All right, so I got a question via email from Mike Salman Diego.
Hopefully I pronounced that correctly, Mike.
And Mike writes, I've listened to a few of your podcasts and have a question for you that I'm not quite clear on.
As a relatively new wholesaler, I've assigned a few deals here in San Diego to fix and flippers, so I have a decent idea on how to structure.
my offer to purchase and price to assign to the end buyer.
During the course of my marketing, I've acquired a few leads that are rentals,
whereas the current tenants prefer to stay.
They lived in their respective houses for four plus years.
My question is twofold.
How do I structure my offer to the seller, discounted, but not as much as a rehab flip
due to the potential cash flow?
Secondly, what do cash flow investors look for when buying a rental property in terms of price?
Are they willing to pay close to market value due to the potential?
cash flow or do I just price it out similar to a fix and flip? In other words, as a wholesaler,
how do I structure a buy and hold rental versus a fix and flip? Kindest regards, Michael.
Okay, so there are a bunch of questions in there and I think what you're getting at, Mike,
is really how does your offer to the seller differ when your intent is to sell to a buy and
hold investor versus a fix and flip investor? I think I've summed it up there correctly.
I've got now and I'll address everything in my answer.
but that's the basis.
How does your offer to the seller going to be different when your intent is to sell to a buy
and hold investor or a fix and flip investor?
All right, so good question.
And there are different schools of thought on this, and those different schools of thought
will typically depend on either your end investor and or the market of where the property
is.
Now, there is a third school of thought that I think you should consider more than any other.
It's my recommendation.
You don't have to is just that what I think you should.
do. However, I know everyone is not in the position to operate from this third school of thought.
So I'm just going to go ahead. I'll start with the two most popular, the two most common, okay?
So first, it depends on your investor. You have to know your buyers. You have to know your investors.
So basically just like any business, you have to know the needs and wants of your customers.
And in our business, we call them buyers. Now, you get to know what your buyers need and want by networking
and by surveying, asking questions.
And you can do that in person or you can do that online.

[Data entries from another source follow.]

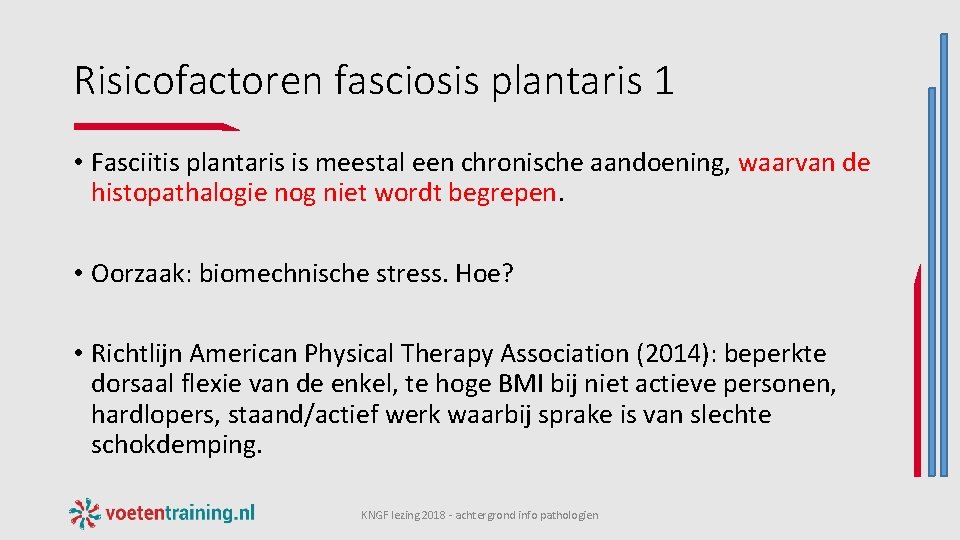 Risicofactoren fasciosis plantaris 1 • Fasciitis plantaris is meestal een chronische aandoening, waarvan de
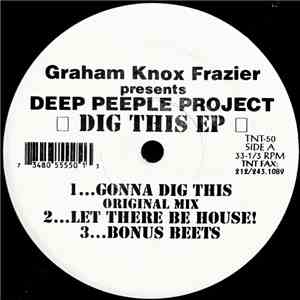 Graham Knox Frazier Presents Deep Peeple Project - Dig This EP download mp3 flac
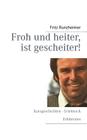 Froh und heiter, ist gescheiter: Kurzgeschichten Erlebtes & Erfahrenes By Fritz Runzheimer Cover Image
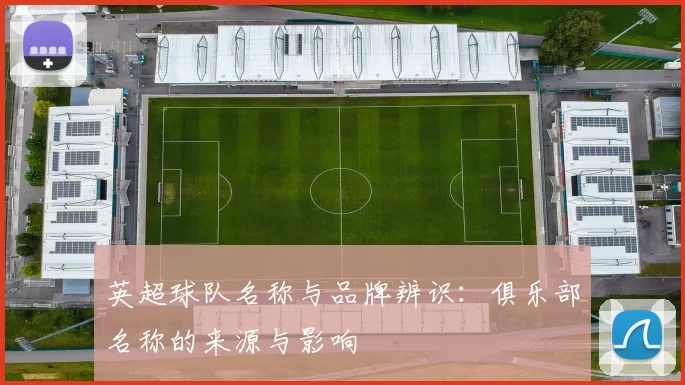 英超球队名称与品牌辨识：俱乐部名称的来源与影响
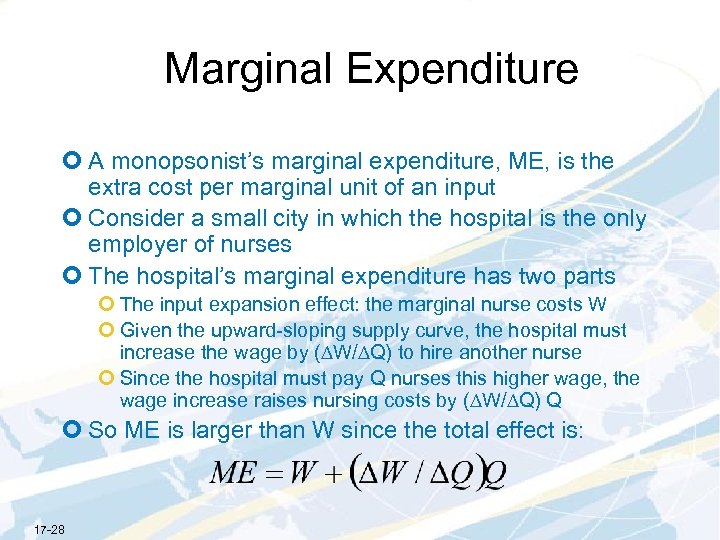 Marginal Expenditure ¢ A monopsonist’s marginal expenditure, ME, is the extra cost per marginal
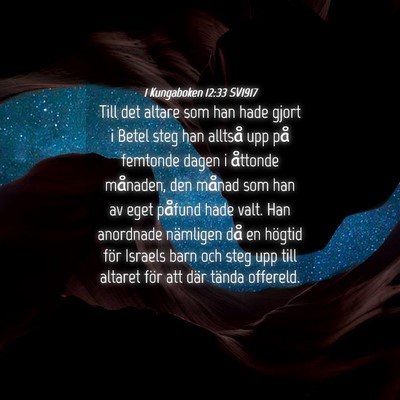 Picture 04 - 1 Kungaboken 12:33 SV1917 - Till det altare som han hade gjort i Betel steg - Bible Verse Picture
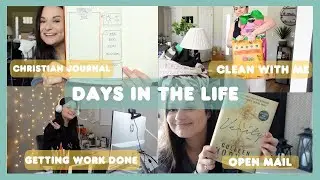 DAYS IN THE LIFE | clean with me, diy christian daily journal, getting work done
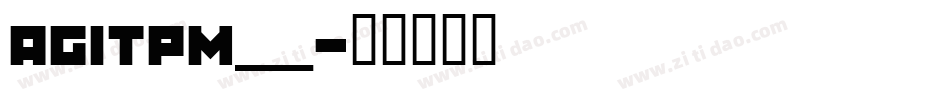 AGITPM__字体转换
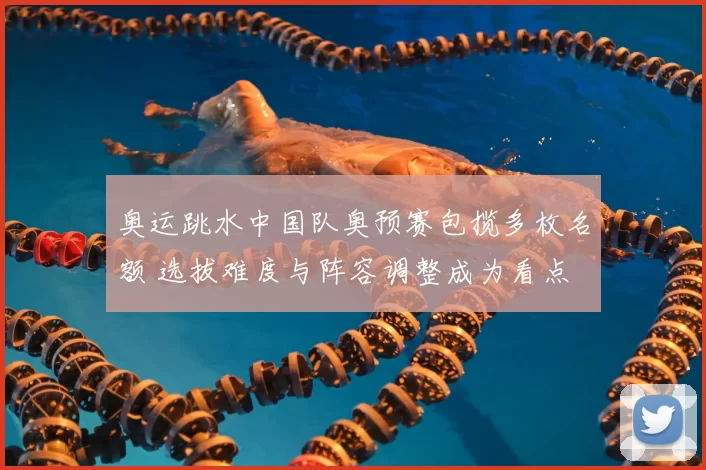 奥运跳水中国队奥预赛包揽多枚名额 选拔难度与阵容调整成为看点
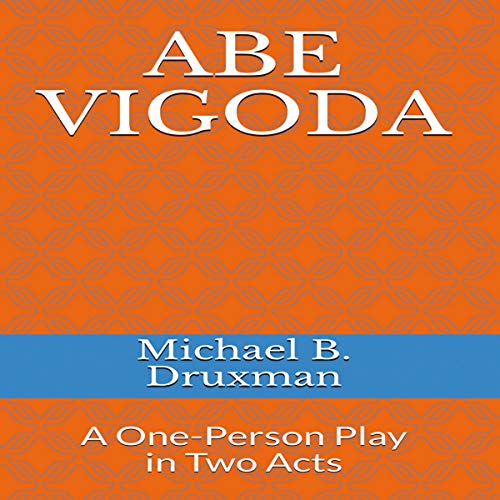 Cover of Abe Vigoda: A One-Person Play in Two Acts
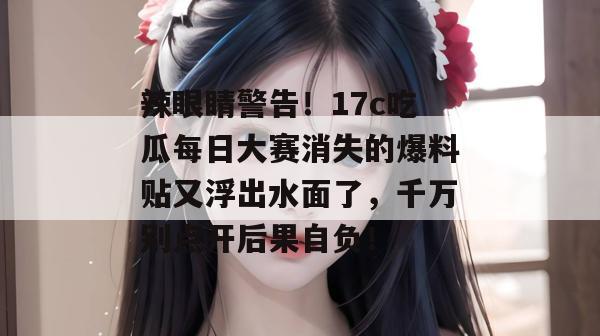 辣眼睛警告！17c吃瓜每日大赛消失的爆料贴又浮出水面了，千万别点开后果自负！  第1张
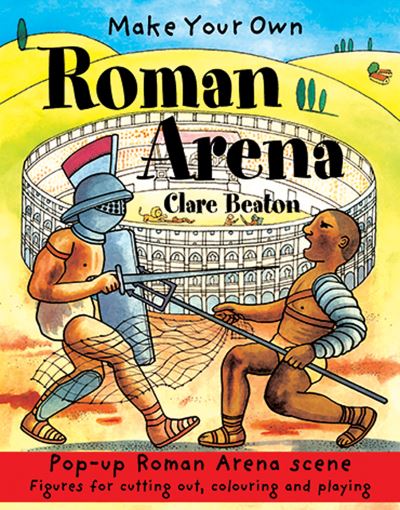 MAKE YOUR OWN ROMAN ARENA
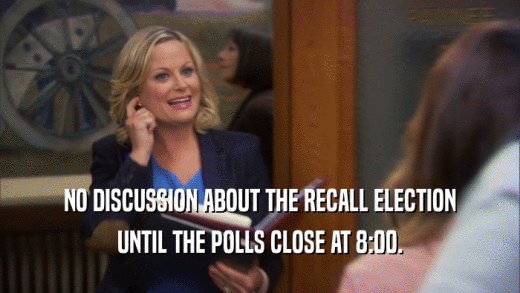 NO DISCUSSION ABOUT THE RECALL ELECTION UNTIL THE POLLS CLOSE AT 8:00. 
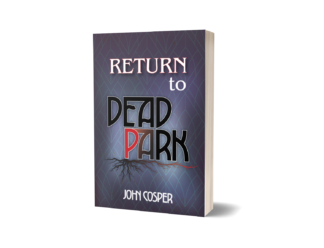 Return to Dead Park (Book 5)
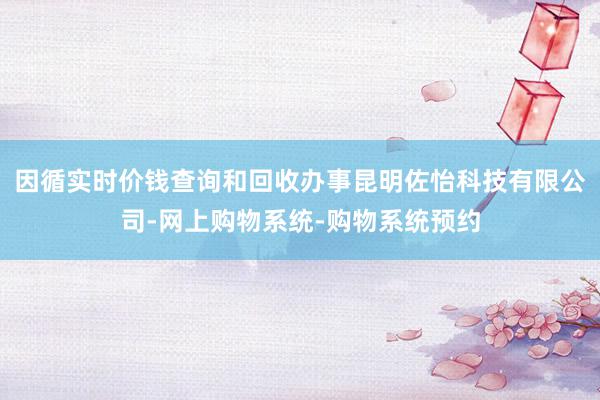 因循实时价钱查询和回收办事昆明佐怡科技有限公司-网上购物系统-购物系统预约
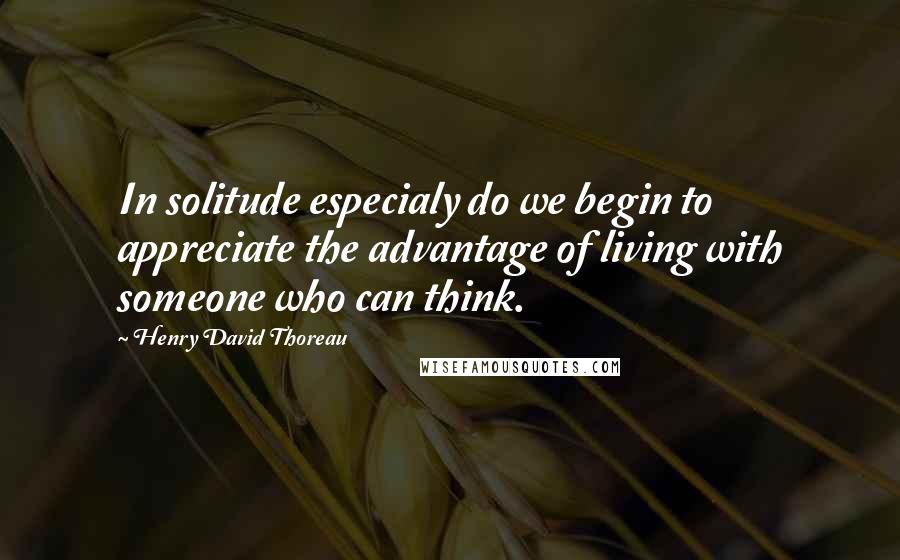 Henry David Thoreau quotes: In solitude especialy do we begin to appreciate the advantage of living with someone who can think.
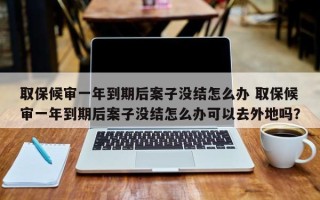 取保候审一年到期后案子没结怎么办 取保候审一年到期后案子没结怎么办可以去外地吗？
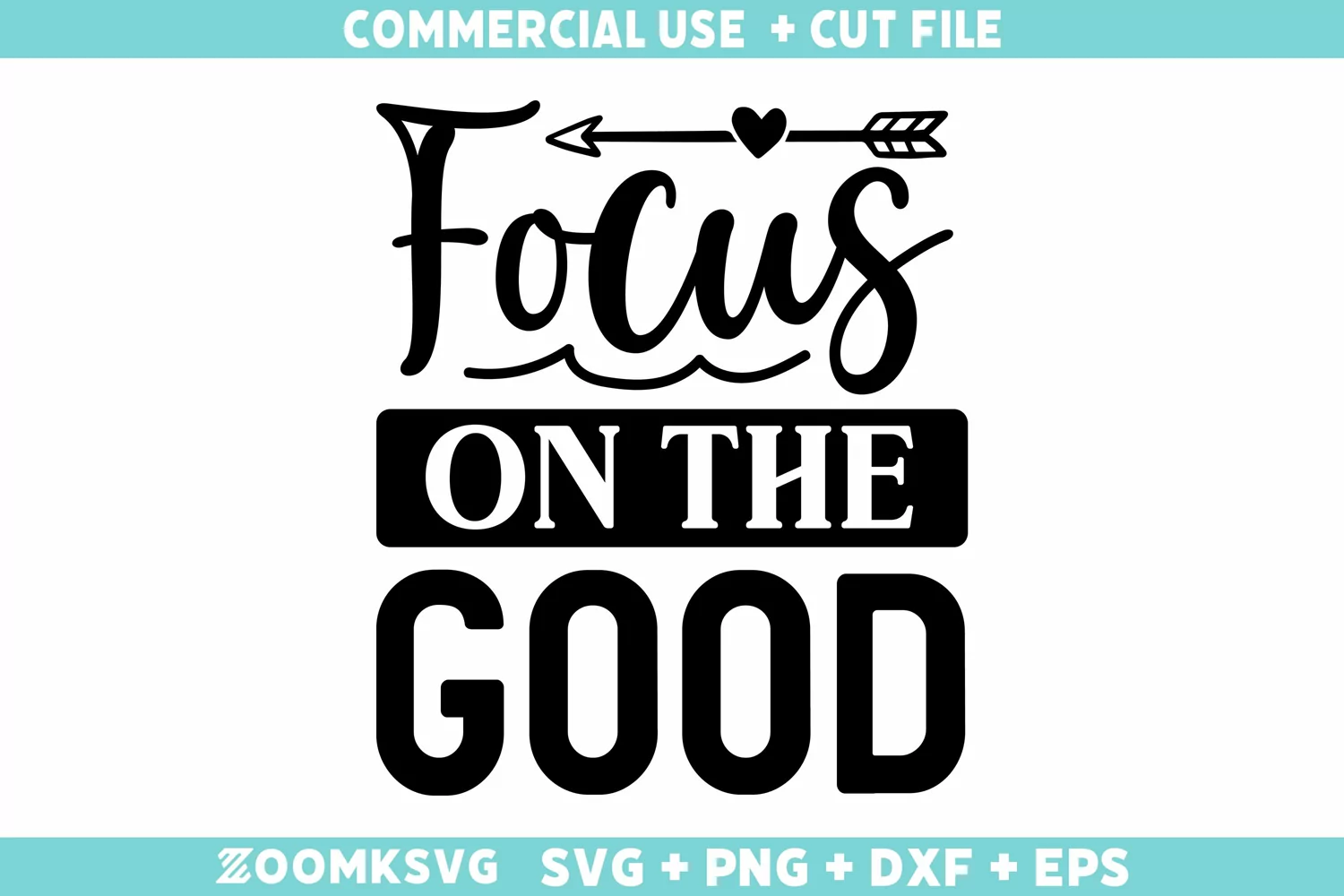 Focus on the good SVG | Motivational Quotes SVG Cut file product image 1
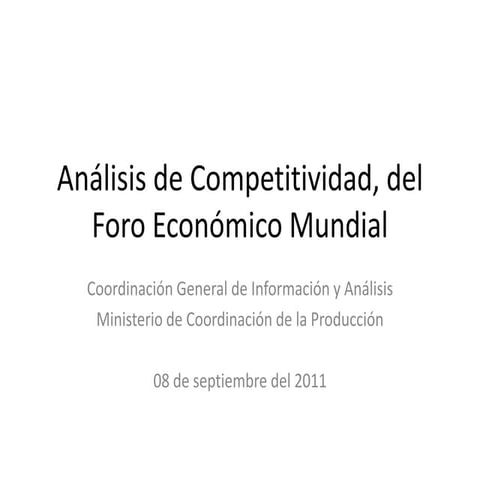 Analisis del Índice de Competitividad del WEF | PPTX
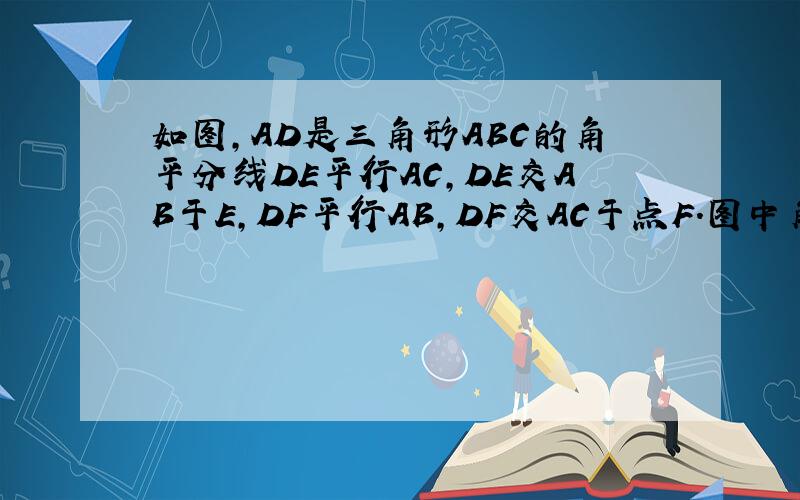 如图,AD是三角形ABC的角平分线DE平行AC,DE交AB于E,DF平行AB,DF交AC于点F.图中角ADE和角ADF有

There's many ways to do that.
And, you know, when you know what your end buyer is looking for,
it's easier to go shopping for them.
It's easier to market for them.
You know, specifically, if you know that your buyers need to make a minimum of 15% return
on a flip or 20% cash on cash return on a hold,
then you know what to offer the seller, right?
but is every single investor that you work with, every buyer,
one of 15% return on a flip?
No, someone's going to want to 10, someone's going to 15,
when someone's going to eat 25 or 30.
And then the same with the cash on cash return.
Is every investor or buyer that you sell to,
if that's willing to hold the property,
are they all open to a 20% cash on cash return?
No, probably not.
Some are very welcome or very easy with the 10%
depending on the area, maybe it's up and coming area.
They're willing to go down to 5%
if they think it's going to be a really good long-term
play or maybe someone needs a no, I don't do anything under 33%.
Okay, so it's going to be different.
You got to know what your buyers want.
And so that's key.
And if you know that your buyers need to make a, say, maybe it's not a percentage,
maybe it's a minimum of $20,000 on a flip or a minimum of $300 a month in cash flow.
So if you have those numbers, you know what your buyers want.
Then you know what to offer the seller.
The challenge there is, not all buyers want the same thing, even if they want all
want to hold, they all probably want something a little bit different out of the properties that
they hold.
Okay, but that's the first way.
You got to know what your buyers want.
Second, it depends on your market.
You know, what's hot in your market?
Is it low-income buy and hold properties or is it, you know, middle class area fix and flips?
Or is it, you know, high-end rehab makeovers or is it, you know, that median price range
and add square footage, you know, what's hot in your market?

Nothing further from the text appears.